8. Self-Assessment Deadlines
You must report rental income via Self-Assessment. Key dates include:
- 5th October: Deadline to register for Self-Assessment if you haven't filed before.
- 31st January: Deadline for online filing and paying any tax owed for the previous tax year.
- 31st July: Deadline for "Payments on Account" (advance payments towards the next year's bill).
9. Tax Planning Strategies
Given the high tax burden, many landlords consider incorporation (buying property through a Limited Company). Companies pay Corporation Tax (typically 19-25%) rather than Income Tax, and Section 24 does not apply to companies, meaning mortgage interest is fully deductible. However, moving existing personal properties into a company triggers Stamp Duty and Capital Gains Tax, making it a complex calculation requiring professional advice.

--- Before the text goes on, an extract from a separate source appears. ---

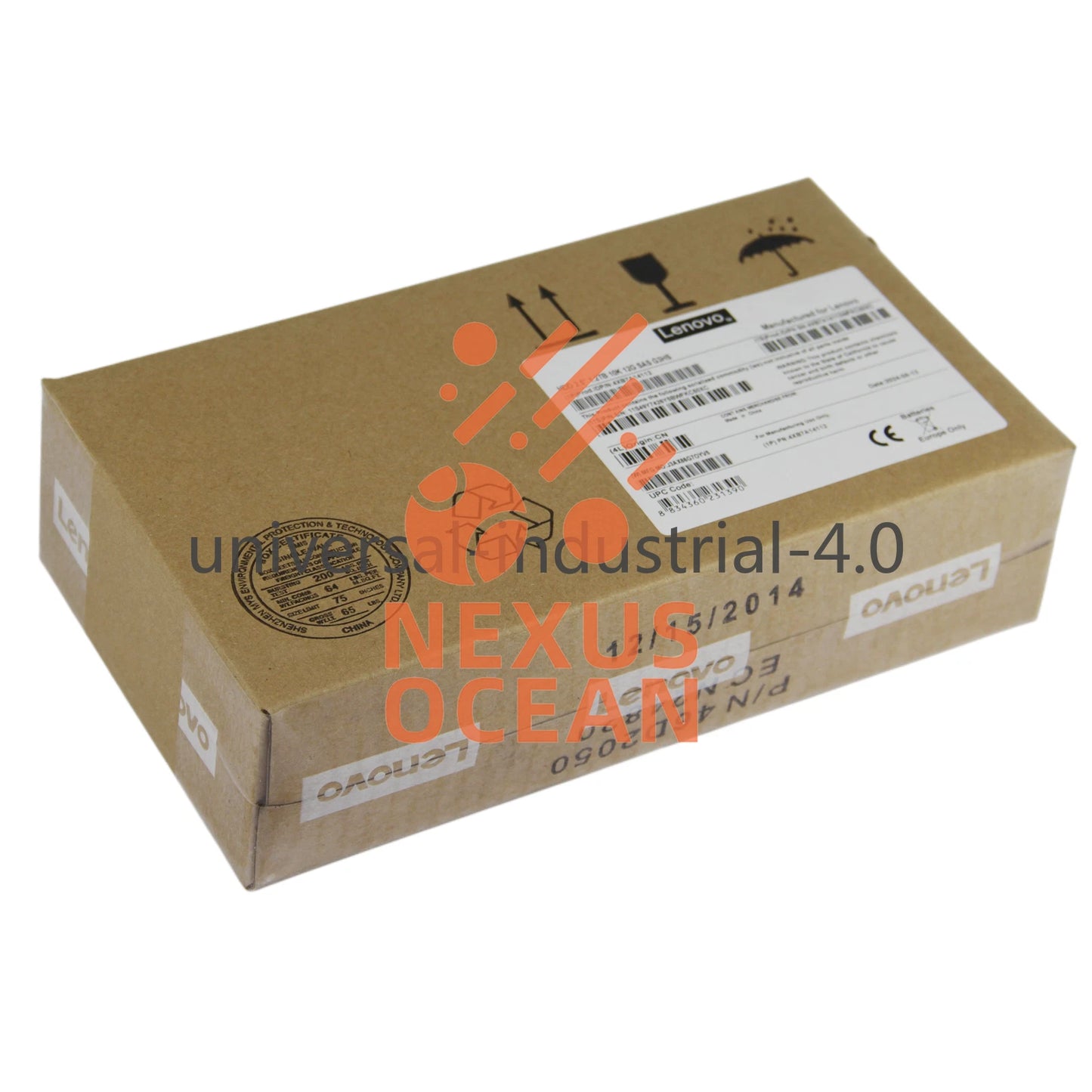 4XB7A14112 Lenovo 01PG635 1.2TB 2.5" SAS Hot Swap Internal Hard Drive with Tray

Another strategy is transferring assets between spouses to utilize unused Personal Allowances or lower tax bands. If you own a property jointly, you can file "Form 17" to declare the beneficial interest split if it differs from 50/50, ensuring tax is paid by the partner with the lower marginal rate.
Disclaimer: This article provides general information and does not constitute financial advice. Tax laws change frequently. Always consult a qualified accountant or tax advisor regarding your specific situation.

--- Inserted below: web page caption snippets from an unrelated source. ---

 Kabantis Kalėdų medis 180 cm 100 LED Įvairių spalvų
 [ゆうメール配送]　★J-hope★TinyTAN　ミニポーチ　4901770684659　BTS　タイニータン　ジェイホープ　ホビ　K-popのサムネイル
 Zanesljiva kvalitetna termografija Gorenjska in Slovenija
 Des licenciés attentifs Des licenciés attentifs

Frequently Asked Questions
How is rental income taxed in the UK?
Rental income is added to your other income (like salary) and taxed at your marginal rate: 20% (Basic), 40% (Higher), or 45% (Additional). You cannot deduct mortgage interest directly from the income; instead, you receive a 20% tax credit.

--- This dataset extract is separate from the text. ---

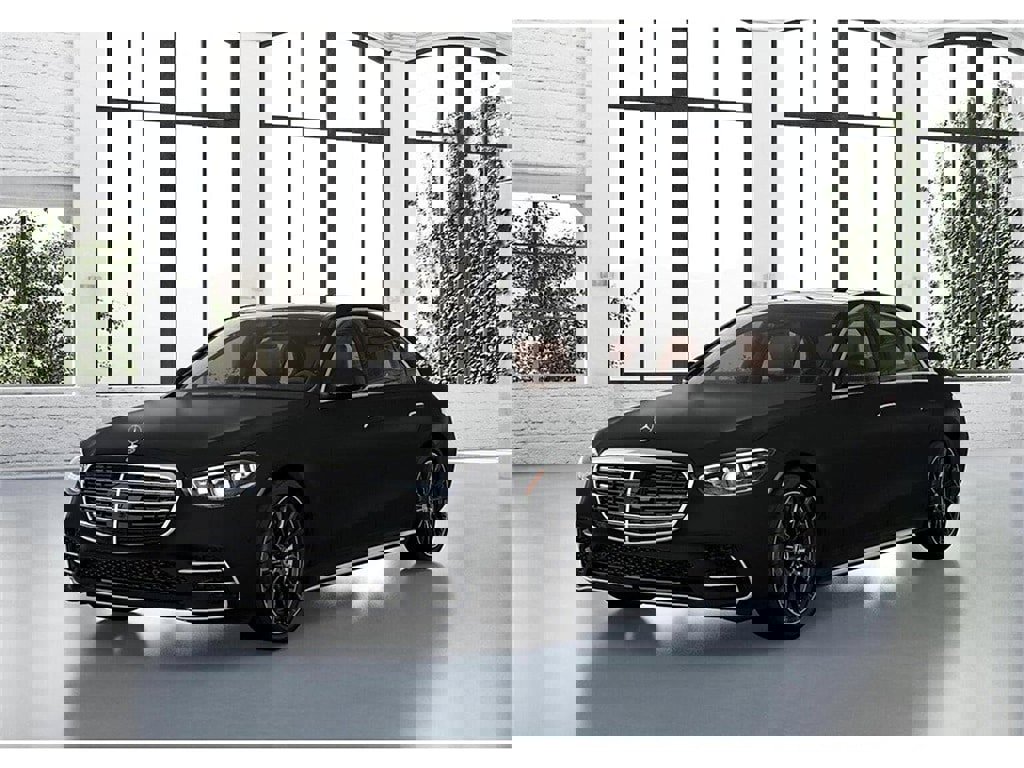 New 2026 Mercedes-Benz S 580 4MATIC Sedan image 40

What is Section 24 mortgage interest relief?
Section 24 restricts landlords from deducting mortgage interest and other finance costs from their taxable rental income. Instead, landlords receive a basic rate reduction (20% tax credit) on the finance costs.
What expenses can I claim as a landlord?
Allowable expenses include letting agent fees, landlord insurance, council tax (if paid by you), repairs and maintenance (painting, plumbing), accountant fees, and utility bills for void periods. Improvements are generally not allowable.
Can I claim for wear and tear?
No, the Wear and Tear Allowance was abolished. It has been replaced by 'Replacement of Domestic Items Relief', which allows you to claim the actual cost of replacing furnishings, appliances, and kitchenware.
What is the Property Allowance?
The Property Allowance is a tax exemption of up to £1,000 a year for individuals with property income. If your expenses are less than £1,000, you can claim the allowance instead of actual expenses.
How much is Capital Gains Tax on property in 2026?
For residential property, Capital Gains Tax is typically charged at 18% for basic rate taxpayers and 28% for higher/additional rate taxpayers on the gain above the Annual Exempt Amount (£3,000 in 2026).
Do I need to pay Class 2 National Insurance?
Generally, renting out property counts as an investment rather than a trade, so Class 2 NI is not usually payable unless running a property business is your main job, you rent out multiple properties, and you actively purchase new properties.